環境を完全に受け入れているから不満を口にしない。
正直、現地に滞在しているとインドという環境に苦しむ気持ちは分からなくはないが、それがピッチ上に出てしまっては、グループリーグ3連敗という結果を残してしまうのも頷ける。
それに対してU-16日本代表の選手は、ピッチコンディションについてあまり言及しない。質問がピッチコンディションに及べば、少しは出て来るが、彼らはこの環境を完全に受け入れているからこそ、不満を口に出そうとはしない。
この様子を取材していて感じるのは前述した通り、“一度経験すること”の重要性だ。“現代っ子はひ弱い”と言われがちだが、それは彼らに相応な経験を積ませていないだけ。過保護の環境が、彼らがタフな経験を積む機会を奪っているとも言える。
大会前に菅原が語った言葉が非常に印象的だった。
「常に森山監督は、どんな環境でも自分のプレーを出さなきゃいけないという決まりを持っているので、そこはしっかりとやりたい。サッカーをやる僕らからすると、インドの気候がどうであっても仕方がないと思います」
小野ら黄金世代もブルキナファソ遠征で逞しくなった。
森山監督は常に“戦う”ことを意識させている。その“戦う”の意味には相手だけでなく、ピッチコンディションや気候などの“環境”も含まれる。常に森山監督は「インドのピッチはこんなもんじゃない。いつも綺麗な人工芝ピッチや天然芝ピッチで試合をやっているけど、アジアや世界はそんな甘い環境ではない」と選手たちに伝え、国内の試合でも敢えて劣悪な環境をセレクトし、一切の言い訳をさせない雰囲気を作り出して来た。
「本当はもっと劣悪な場所に行って経験をさせたい。アフリカとか、いろんな国を経験することで強くなる」(森山監督)
思い浮かぶのは、小野伸二、中田浩二らを擁した黄金世代だ。日本代表監督と兼任する形でU-20日本代表を率いたフィリップ・トルシエは、ワールドユース選手権(現・U-20W杯)が開催されるナイジェリアという劣悪な環境に適応させるべく、自身が代表監督を務めた過去のあるブルキナファソへ遠征に行き、そこでアフリカの現実を選手たちに目の当たりにさせた。

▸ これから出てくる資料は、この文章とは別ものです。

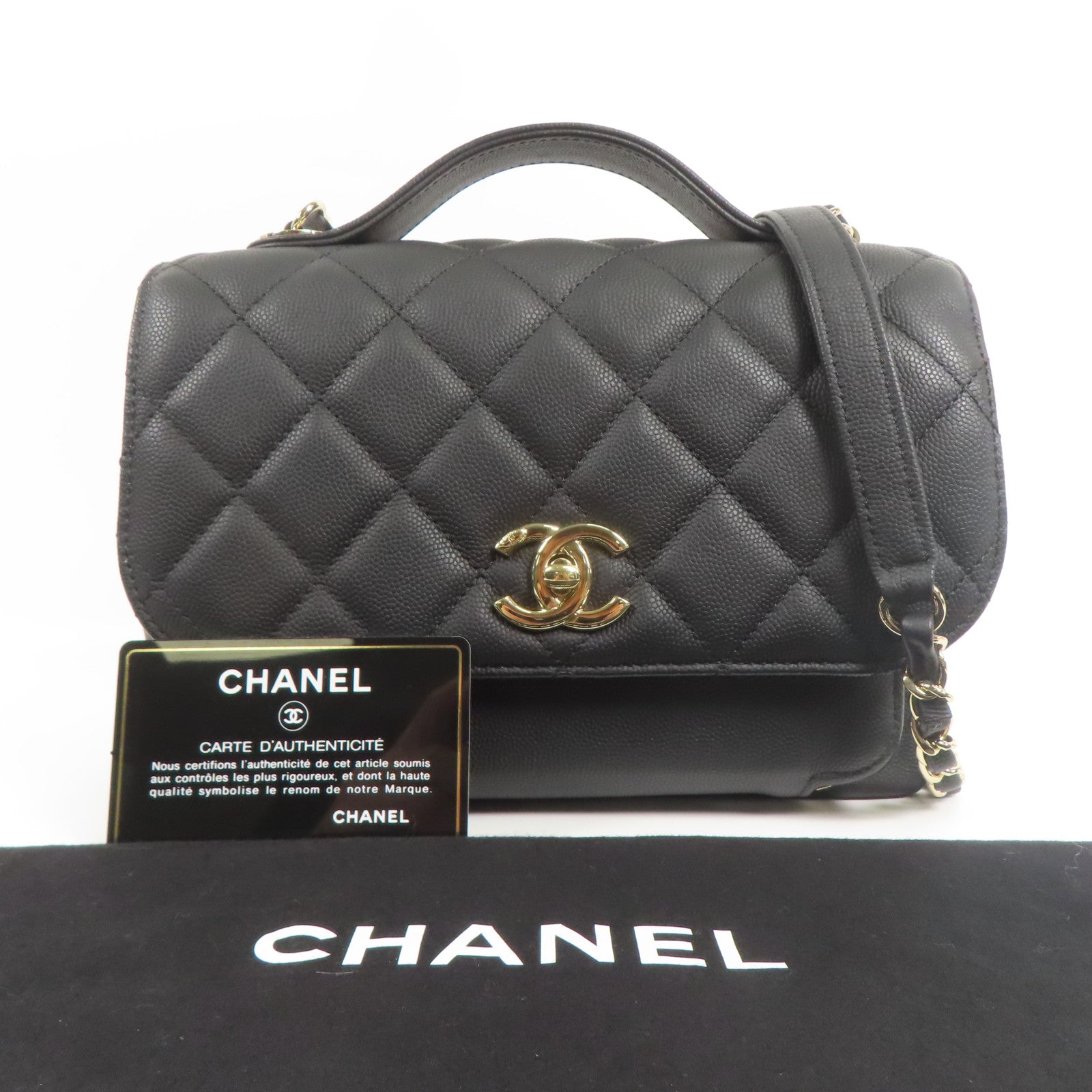 CHANEL 牛皮皮革Affinity Bag金扣手挽肩背兩用袋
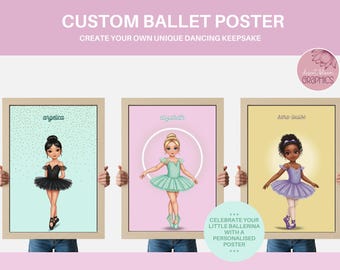 May include: Three framed custom ballet posters featuring illustrations of ballerinas in different colored tutus. The posters are held by hands and have names above the ballerinas. The text "CUSTOM BALLET POSTER" is at the top.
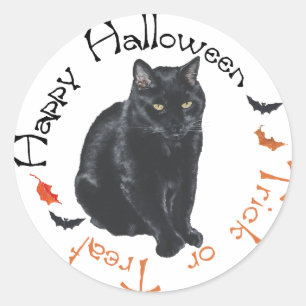 Adesivo Gata Preta Feliz Halloween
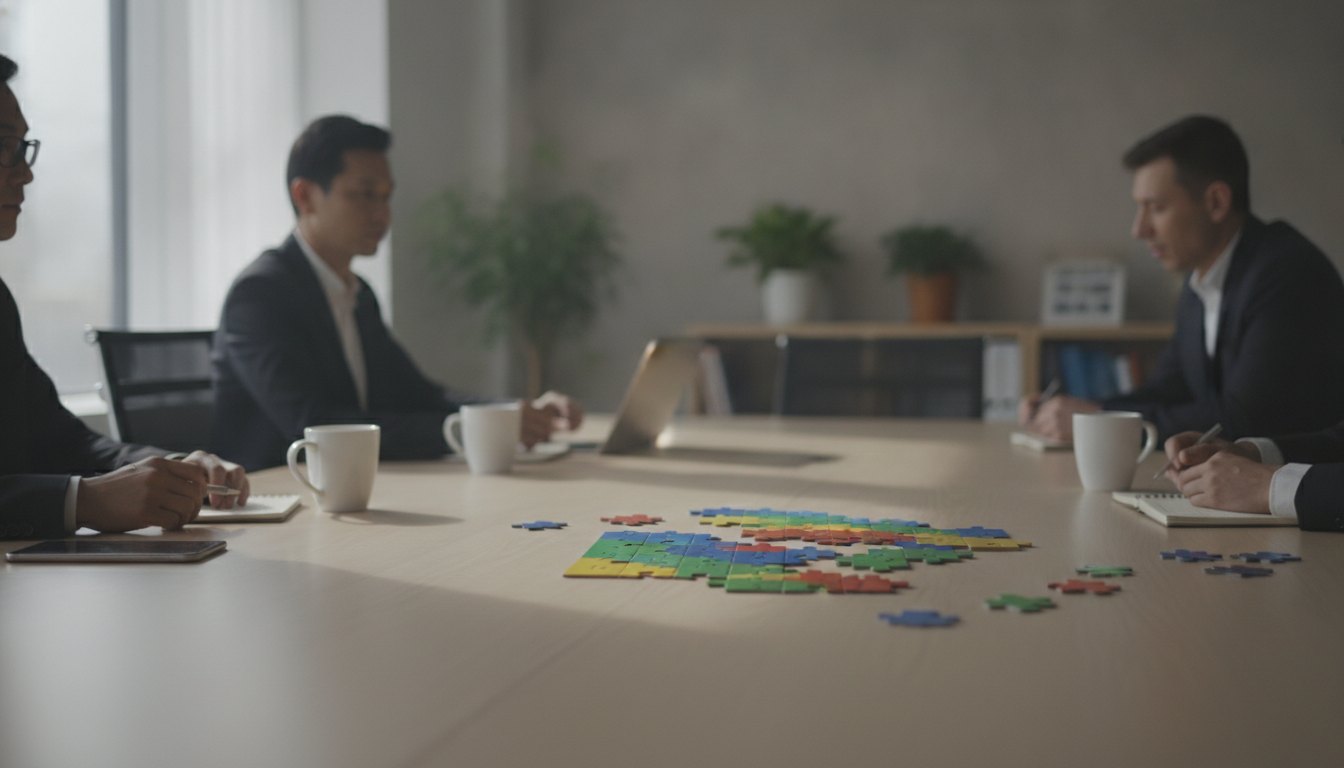 Grupo de profissionais reunidos em torno de uma mesa no escritório montando um quebra-cabeça colorido.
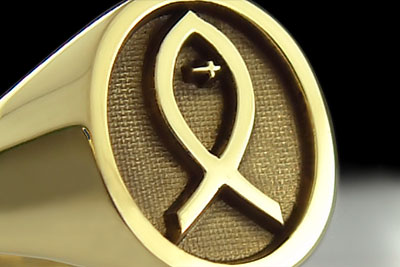Signet RIng with Christian Fish & Cross symbol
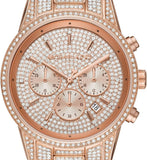 Buy Shop Michael Kors Ritz Three-Hand Glitz Rose Gold Dial Rose Gold Steel Strap Watch for Women - MK6748 USA Online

これで免疫が出来た日本は、'99年のナイジェリアU-20W杯で準優勝を達成。その時、選手たちは「ブルキナファソで価値観が変わった」と口にしており、事前に劣悪な環境で経験を積む意義を実証した。
そんな偉大な先輩たちに続くためにも、彼らはまず来年のU-17W杯の出場権を手にしなければいけない。まずは25日に迎える準々決勝・UAE戦に万全のコンディションで臨み、勝利を収めることで、環境に適応した彼らの真価が示される。